Aim of the exercise –
No picture belongs in the answer, which must hold exactly the lines from the one with "мобильная дробильная установка Metso LT106" through the final line below.

Listed entries –
:::::
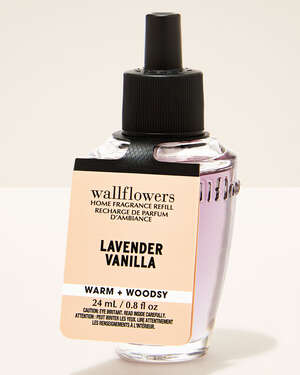 Lavender Vanilla Wallflowers Fragrance Refill
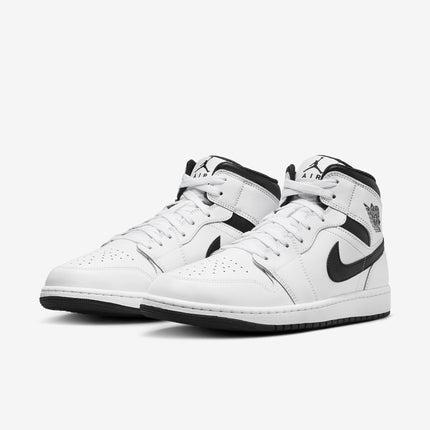 (Men's) Air Jordan 1 Mid 'Reverse Panda' (2023) DQ8426-132 - SOLE SERIOUSS (3)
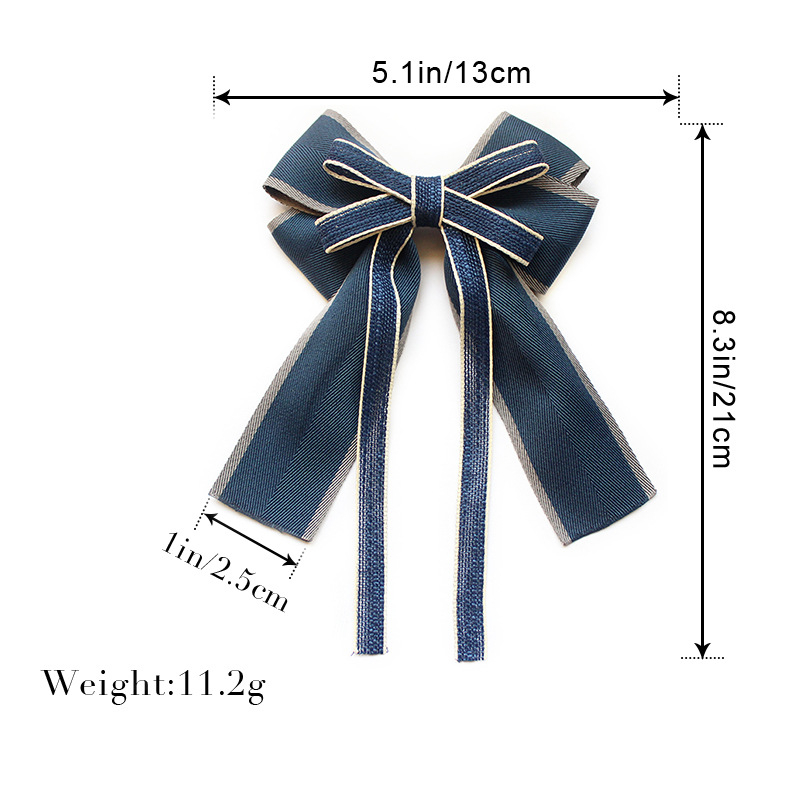 Лък за яка с цвете, сплав, корейски стил, плосък връх, дамски, едноцветен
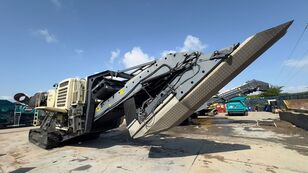 мобильная дробильная установка Metso LT106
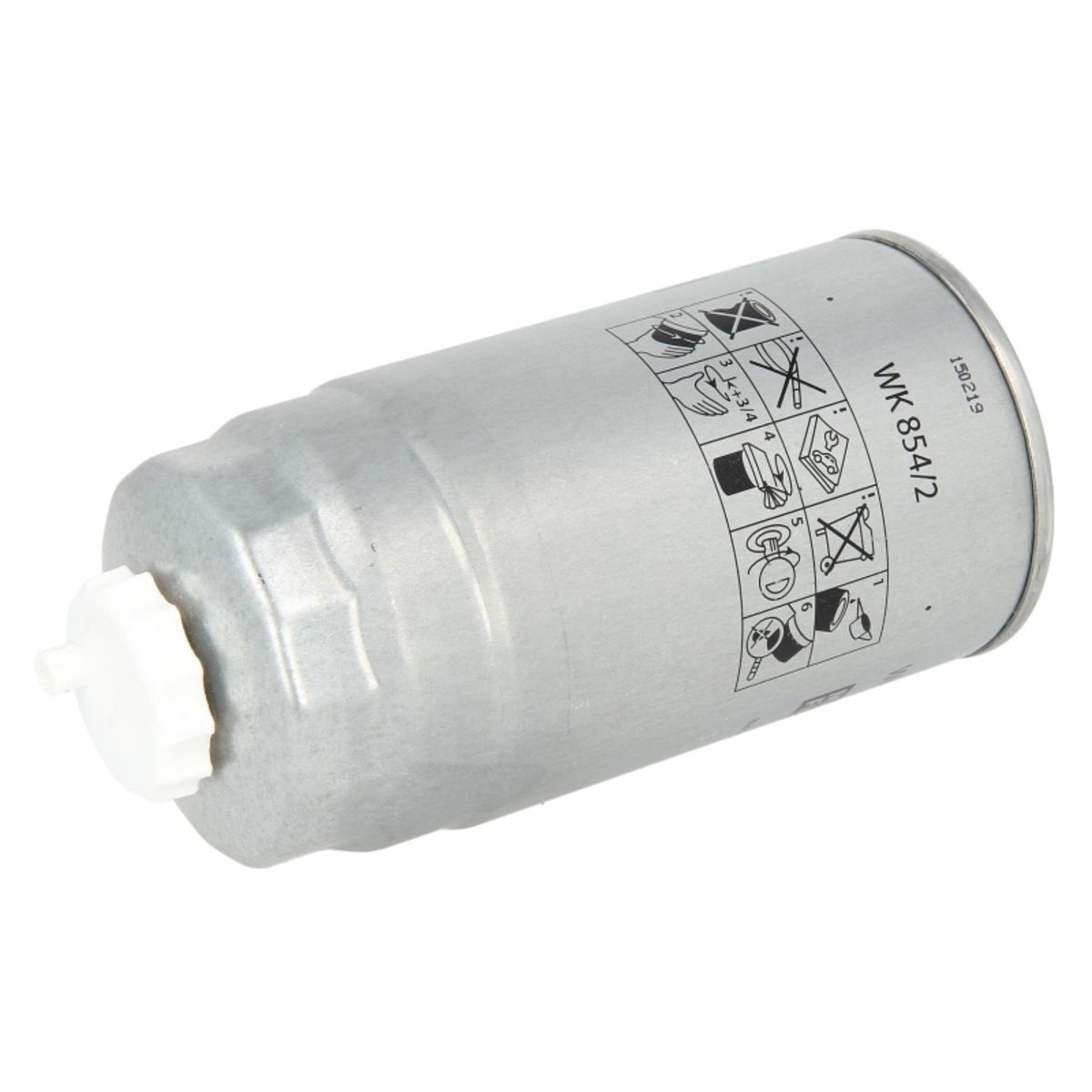 Polttoainesuodatin MANN-FILTER WK 854/2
:::::
Result –
 мобильная дробильная установка Metso LT106
 Polttoainesuodatin MANN-FILTER WK 854/2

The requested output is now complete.